▶ _Exercise aim_
A faithful copy of all the data is the goal; omit the pictures.

▶ _Available data_
· · · ·
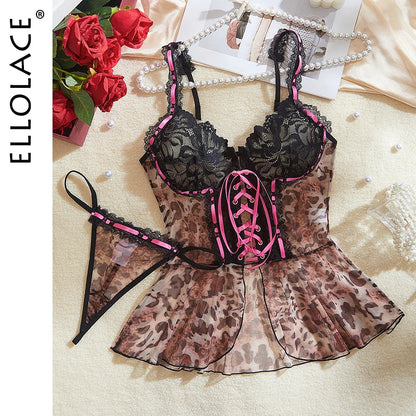 Ellolace Leopard Dress Sissy Babydoll Erotic Lingerie Lace Sleepwear G-String Sex Suit Neon Lace Up Super Sexy Night Dresses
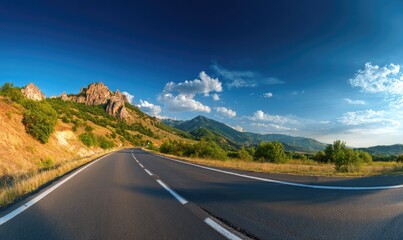 Naklejka premium Winding road through a mountainous landscape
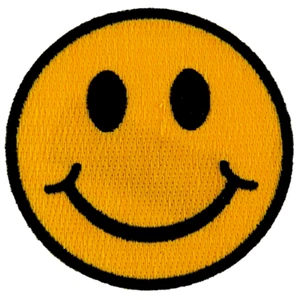 Parche de motociclista bordado Smiley Face divertido coser/planchar 3" x 3" - Imagen 1 de 3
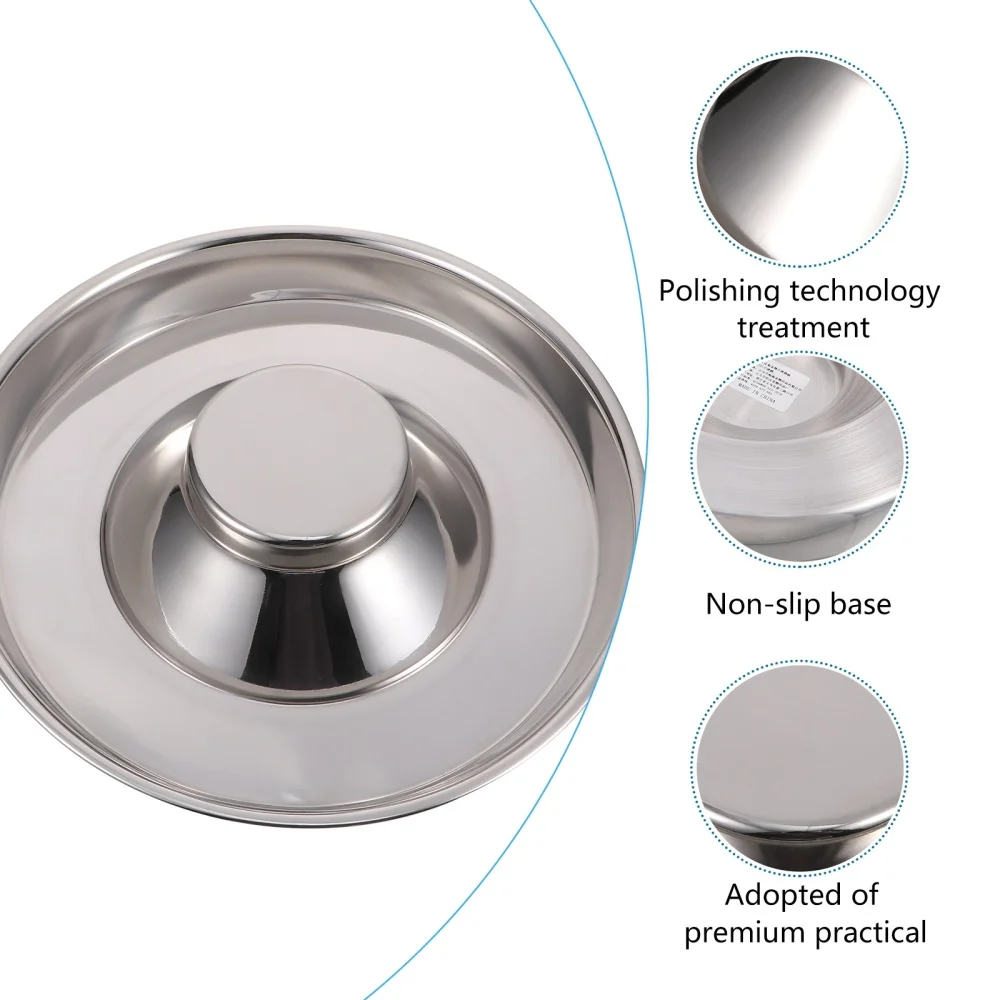 

Puppy Bowl Feeding Bowl Metal Feeding Container Dog Pet Supply (Silver)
· · · ·
▶ _Task answer_
 Ellolace Leopard Dress Sissy Babydoll Erotic Lingerie Lace Sleepwear G-String Sex Suit Neon Lace Up Super Sexy Night Dresses
 Naklejka premium Winding road through a mountainous landscape
 Parche de motociclista bordado Smiley Face divertido coser/planchar 3" x 3" - Imagen 1 de 3

Puppy Bowl Feeding Bowl Metal Feeding Container Dog Pet Supply (Silver)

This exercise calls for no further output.